## Exercise requirements
Write out again, exactly, the lines below starting at the one with "Slovénie, n° 436, collection timbres Europe" and ending at the one with "La camisa Oil Canvas Portrait".

## Supplied information
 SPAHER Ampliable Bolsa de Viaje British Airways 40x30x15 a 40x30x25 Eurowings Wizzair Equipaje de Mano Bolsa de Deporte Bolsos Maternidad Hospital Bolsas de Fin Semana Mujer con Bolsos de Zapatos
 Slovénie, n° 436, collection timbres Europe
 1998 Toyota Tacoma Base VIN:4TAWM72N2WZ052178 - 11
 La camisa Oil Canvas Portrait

---

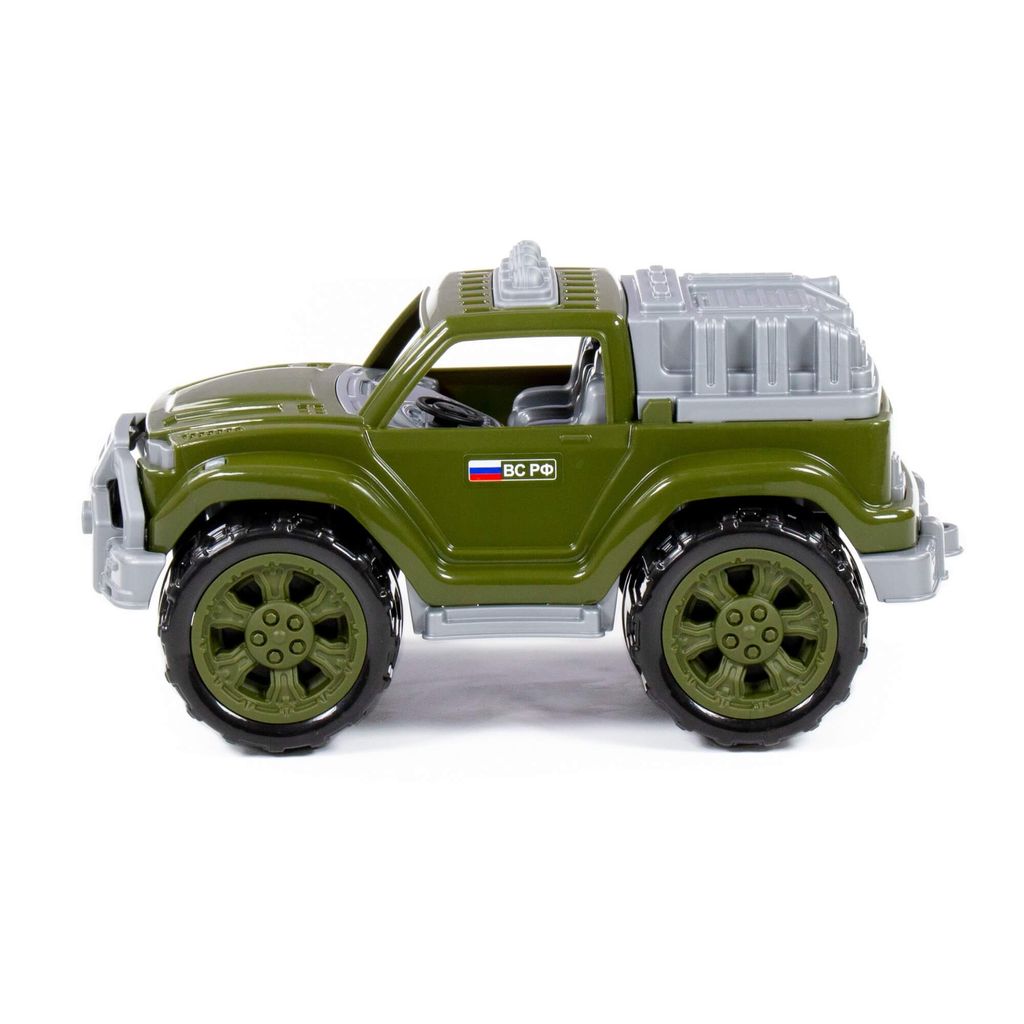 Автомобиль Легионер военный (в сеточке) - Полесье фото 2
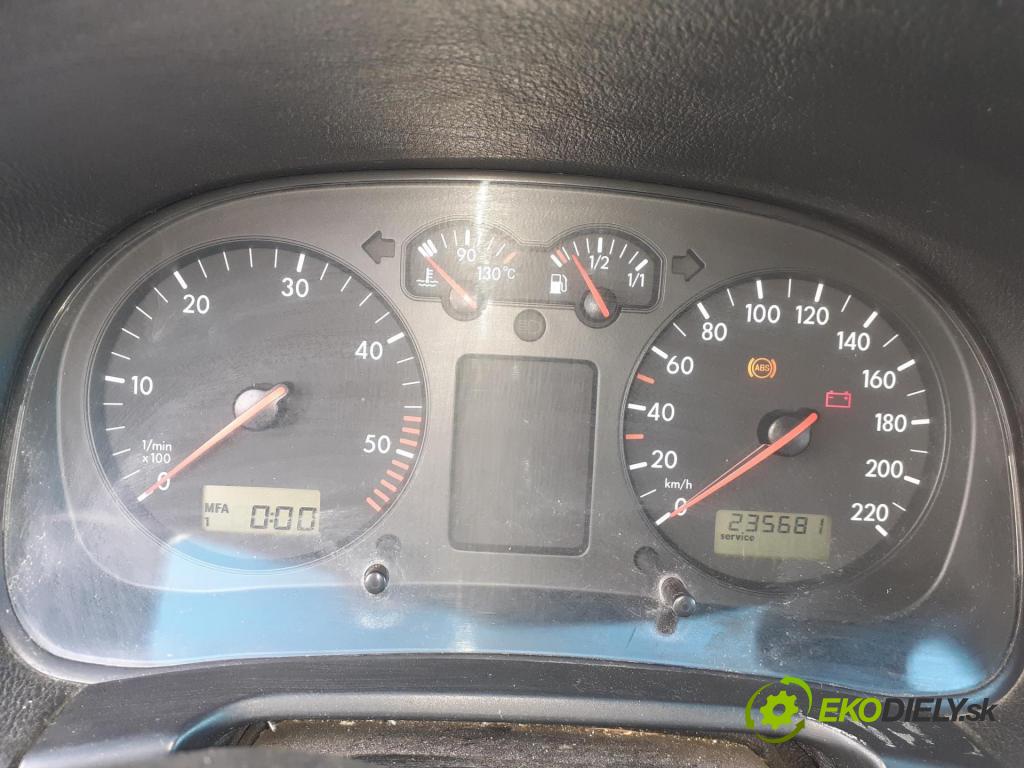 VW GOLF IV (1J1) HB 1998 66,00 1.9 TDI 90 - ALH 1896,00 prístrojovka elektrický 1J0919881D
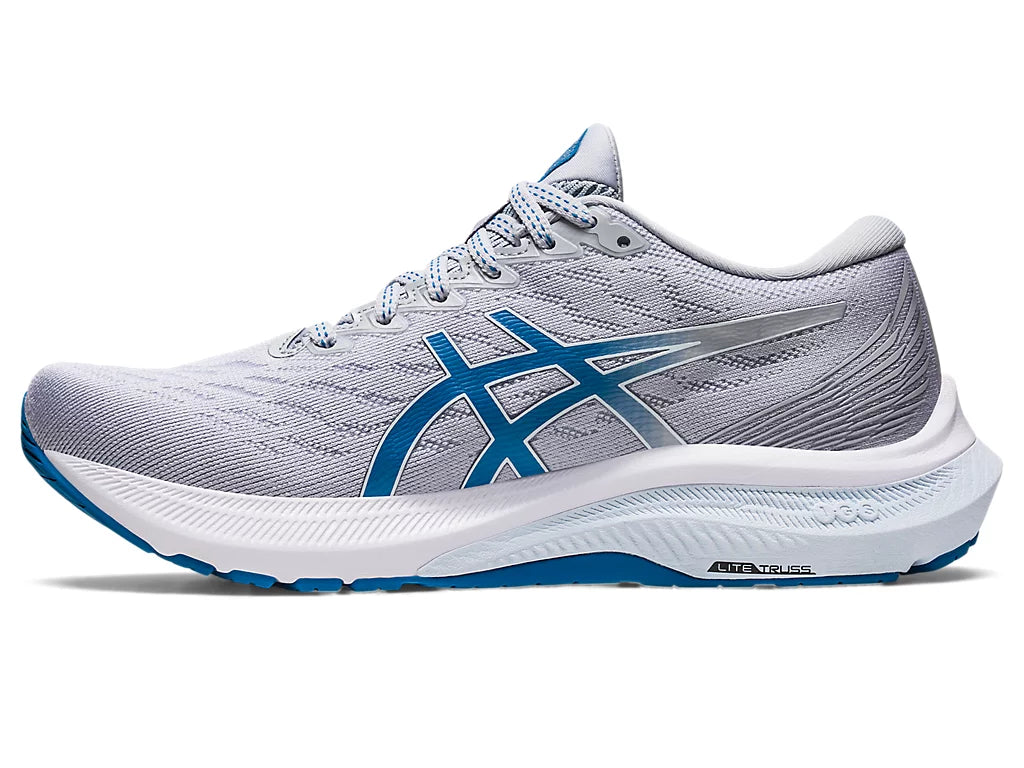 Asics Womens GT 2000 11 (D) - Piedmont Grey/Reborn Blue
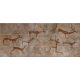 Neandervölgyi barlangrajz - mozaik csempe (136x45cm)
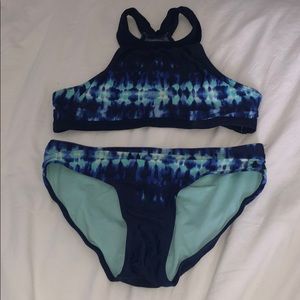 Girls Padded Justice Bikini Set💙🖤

* * *

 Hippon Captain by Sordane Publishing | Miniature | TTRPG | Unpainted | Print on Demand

## Answer box
 Slovénie, n° 436, collection timbres Europe
 1998 Toyota Tacoma Base VIN:4TAWM72N2WZ052178 - 11
 La camisa Oil Canvas Portrait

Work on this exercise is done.